While learning Machine Learning, it is common to assume that accuracy is the ultimate measure of model performance.
However, I learned the hard way that accuracy alone can be misleading. Looking at accuracy over each training iteration helps determine whether a model is truly learning or simply memorizing / guessing.

To correctly evaluate a classification model, we need to understand different performance metrics derived from the confusion matrix.


Confusion Matrix Overview

  Predicted Positive Predicted Negative
Actual Positive True Positive (TP) False Negative (FN)
Actual Negative False Positive (FP) True Negative (TN)

Key Metrics

Accuracy

Measures how many predictions are correct overall.

\[\text{Accuracy} = \frac{TP + TN}{TP + TN + FP + FN}\]

Precision

Out of everything the model predicted as positive, how many were actually positive?

\[\text{Precision} = \frac{TP}{TP + FP}\]

Recall (Sensitivity / True Positive Rate)

Out of all actual positive cases, how many did the model correctly identify?

\[\text{Recall} = \frac{TP}{TP + FN}\]

F1-Score

The harmonic mean of Precision and Recall — useful when the dataset is imbalanced.
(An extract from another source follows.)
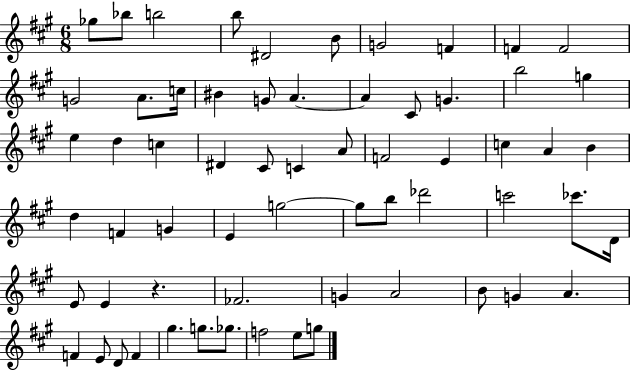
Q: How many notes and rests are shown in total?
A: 63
\[\text{F1} = 2 \times \frac{Precision \times Recall}{Precision + Recall}\]

Why These Metrics Matter

  • Accuracy can lie in cases with imbalanced datasets (e.g., 95% accuracy but only predicting the majority class).
  • Precision vs Recall trade-off tells us whether the model is cautious or aggressive.
  • F1-score balances both, giving a single metric for comparison.

Takeaway

Evaluating an ML model requires more than just accuracy.
Understanding precision, recall, and F1-score helps determine whether a model is reliable, fair, and actually learning.